Literature DB >> 4094658

Comparative effects of convulsant drugs on the sensory responses of neurons in the amygdala and brainstem reticular formation.

C L Faingold, W E Hoffmann, D M Caspary.   

Abstract

The sensory responses of neurons in the amygdala and mesencephalic reticular formation in the cat were enhanced following the intravenous administration of subconvulsant doses of bicuculline, strychnine, bemegride, pentylenetetrazol and physostigmine. The degree and intensity of the enhancement of the response was considerably greater in the reticular formation than in the amygdala. The latency of the response in simultaneously-recorded pairs of neurons in the amygdala and reticular formation was significantly shorter in the mesencephalic reticular formation. The enhancement induced by convulsants does not appear to be transmitter-specific, since enhancement was produced with sequential administration of convulsant drugs which affect gamma-aminobutyric acid (GABA), glycine or acetylcholine.
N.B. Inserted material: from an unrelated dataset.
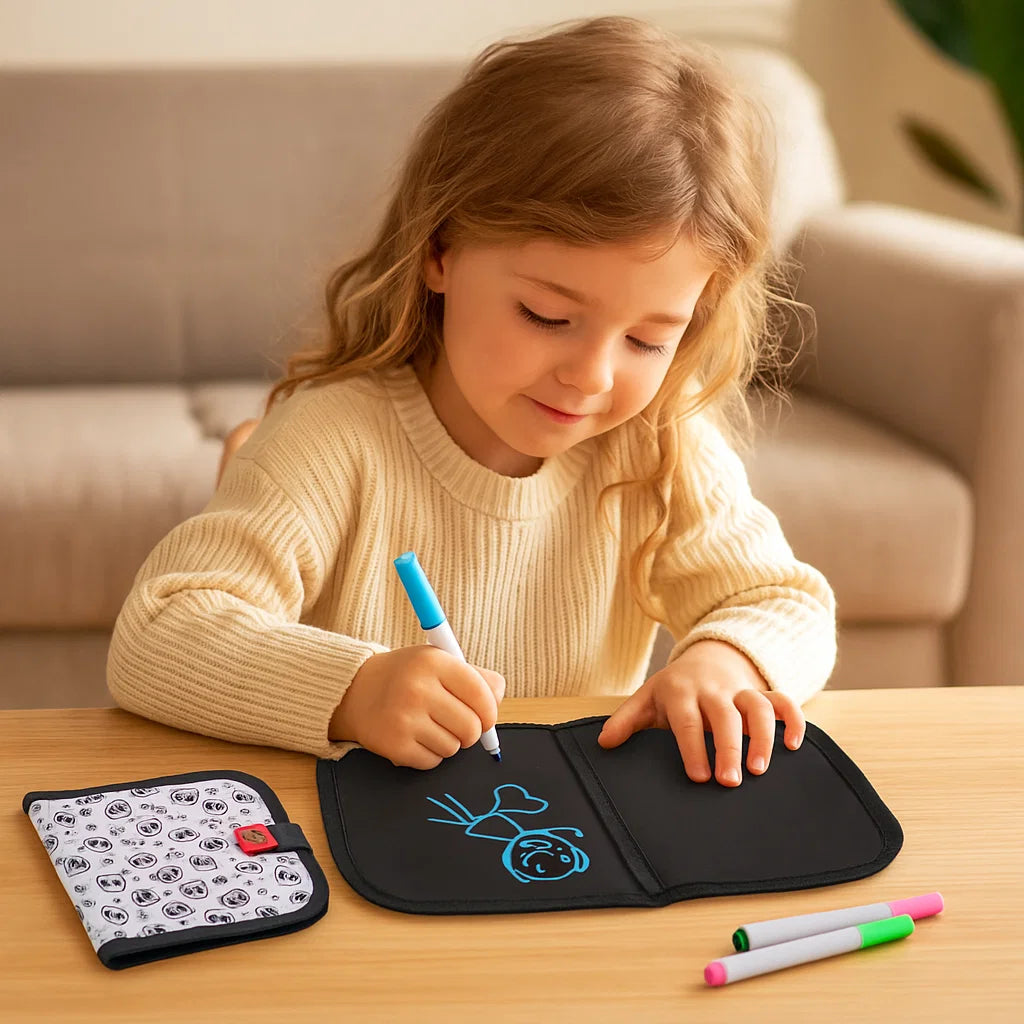 Libro da disegno riutilizzabile per bambini | Blocco scarabocchi cancellabile per l' apprendimento creativo a casa e in viaggio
These findings suggest that the reticular formation is involved, to a larger degree than the amygdala, in the ability of sensory stimuli to initiate generalized convulsive seizures in animals treated with these convulsant drugs. The enhancement of the response in the hippocampus and cortex, which has previously been shown to exhibit a longer latency and a lower degree of enhancement than the reticular formation, coupled with the findings in the amygdala, suggest that the reticular formation may mediate the enhancement of the response of these other regions of the brain. The spread of the enhancement of the response to other structures in the brain via the widely distributed output pathways from the reticular formation may lead to initiation of generalized seizures by a recruitment-like process, which may involve enlargement of the sensory hyperresponsive neural network of the brain until a critical neural mass is reached and initiation of seizures results.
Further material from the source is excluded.